This article is 18 years old. Images might not display.
FMG gained shareholder approval last year to place 55 million shares and received a one-month extension from ASIC to place the shares by today.
FMG’s executive director Graeme Rowley told MiningNews.net the company was planning on completing the 15% placement that did not require shareholder approval under ASIC rules, and was not concerned about missing the deadline to place the extra 55 million shares approved last year.
“If we have to raise more than 15% we have the option of going back to shareholders,” Rowley said.
Rowley said the company also has the option of going back to ASIC today to seek another extension.
“We’re still working through those various options (but) none of them represent an end to the issue,” Rowley said.
“None of the issues are stalled in any sense by that period running over at the end of today.”
Rowley said FMG was still in negotiations with various potential equity partners with regards to taking a stake in the $A2.5 billion Chichester Range iron ore project.
“Naturally we want to resolve that before we follow-up on the debt process,”
Rowley said the company was looking at a 70:30 debt-equity spilt for financing.
The new resource estimate for Cloud Break, revised by Snowden, has gone up 34 million tonnes or 4% to 850Mt grading 58.71% iron, 4.05% silica, 1.4% alumina and 0.06% phosphorus. Of this estimate, some 363Mt is considered “high-grade” with iron content above 60%.
Some 144Mt of the Cloud Break resource now falls in the measured category, with a further 561Mt now classified as indicated.
The upgrade not only represents an increase in size and confidence levels but also came out with an increased iron grade and reduced containment levels.
Last month, FMG upgraded the resource estimate for the Christmas Creek deposit to 1415Mt grading 58.4% iron, 4.3% silica, 2.49% alumina and 0.05% phosphorus. About 1095Mt of the resource is measured and indicated.
FMG says some 1800Mt of material across the two deposits is now available for conversion to reserves with further resource and reserve work ongoing.
The $A2.5 billion Chichester Range project has a probable reserve of 1.06 billion tonnes, calculated in December.

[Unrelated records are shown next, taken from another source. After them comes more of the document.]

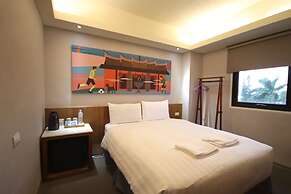 Meci Hotel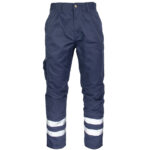 Bundfalten-Arbeitshose PROFI EX
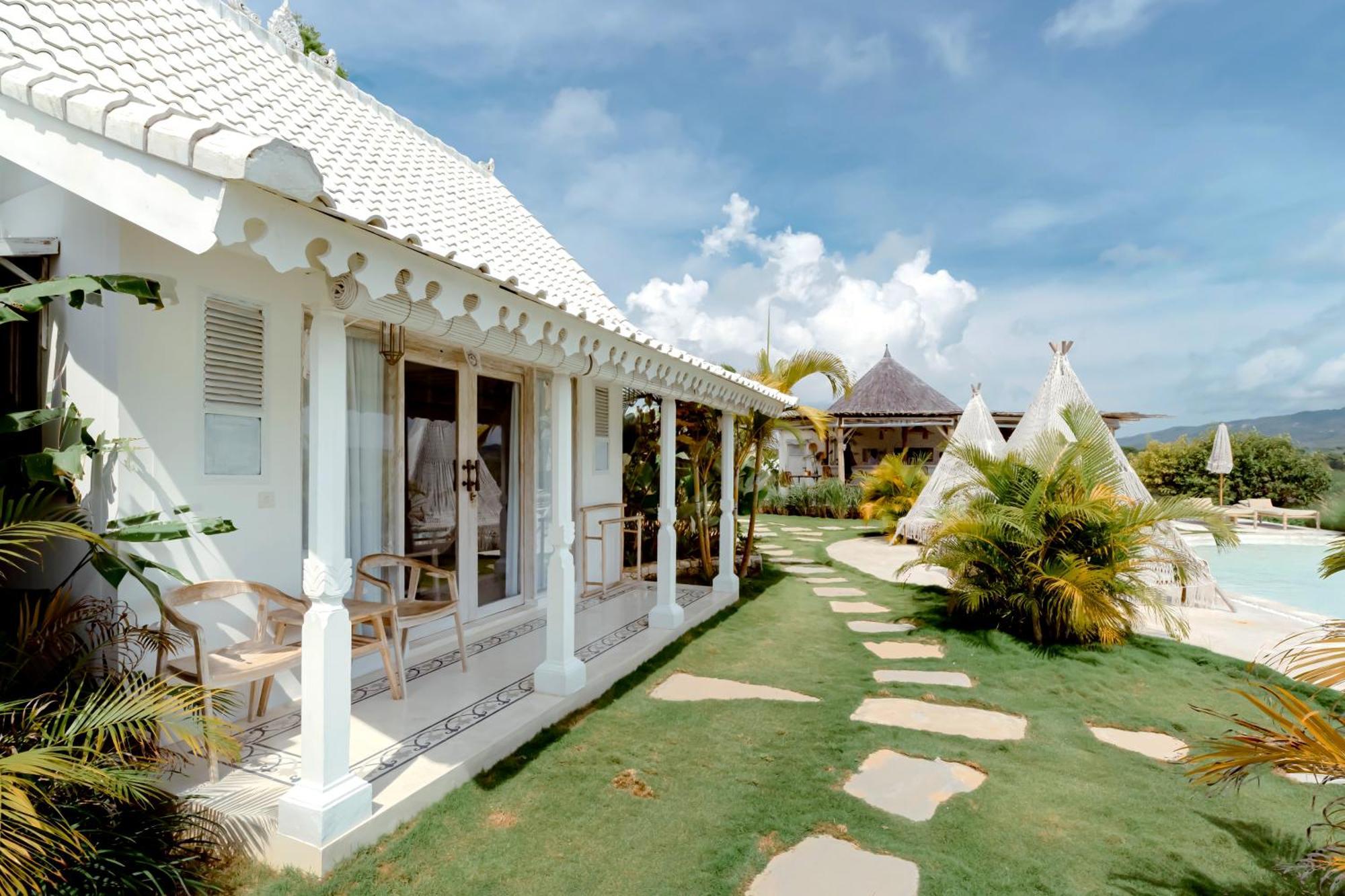 Resort Atalaya Nusa Penida - Adults Only
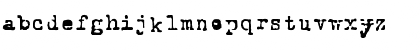 Download tsp pi 2 Regular Font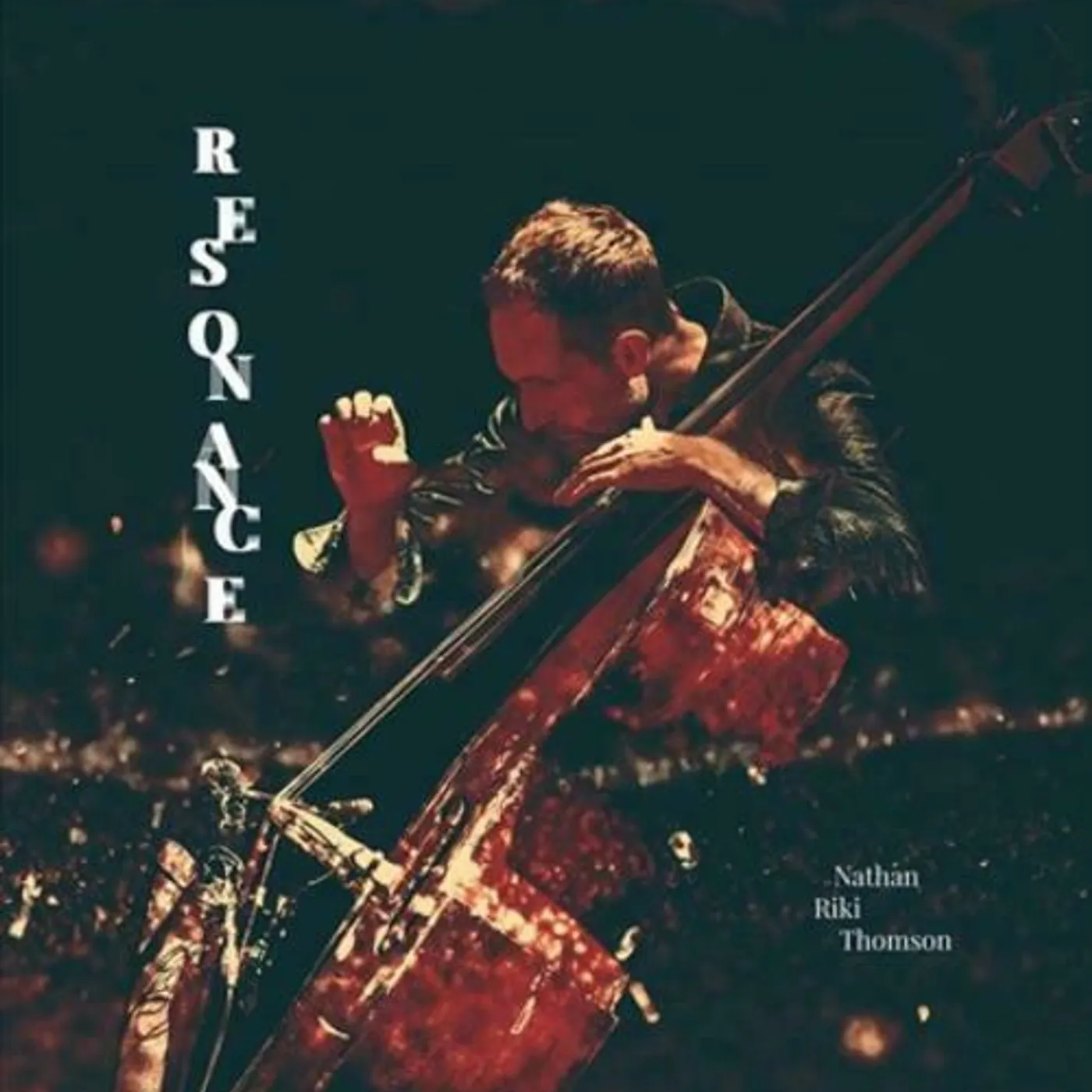 RESONANCE / VARIOUS Vinyl Record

First production is scheduled for 2008.
FMG made the headlines for all the wrong reasons in the past week after it was revealed that the company was being investigated by the Australian Securities and Investment Commission for breaches of the Corporation Act relating to the announcement of “binding” contracts that FMG had with Chinese partners in 2004.
FMG’s share price has been bleeding since reaching a high of $6.60 in late January, reaching a recent low of $4.62 during yesterday’s trade. The stock was off a further 3c (0.63%) in midday trade at $4.72.